Data under study:

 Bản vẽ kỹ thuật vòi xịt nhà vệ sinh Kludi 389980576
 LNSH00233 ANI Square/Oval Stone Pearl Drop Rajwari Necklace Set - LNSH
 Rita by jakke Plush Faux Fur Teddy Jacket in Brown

* * *

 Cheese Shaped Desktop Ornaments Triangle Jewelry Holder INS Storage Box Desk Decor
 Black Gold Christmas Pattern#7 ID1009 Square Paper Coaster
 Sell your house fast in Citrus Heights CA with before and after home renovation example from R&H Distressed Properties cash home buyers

==

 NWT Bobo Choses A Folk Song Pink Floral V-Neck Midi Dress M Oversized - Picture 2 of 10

Task statement: Copy every line from the records above that contains the word "Square".

Result of the exercise:
 LNSH00233 ANI Square/Oval Stone Pearl Drop Rajwari Necklace Set - LNSH
 Black Gold Christmas Pattern#7 ID1009 Square Paper Coaster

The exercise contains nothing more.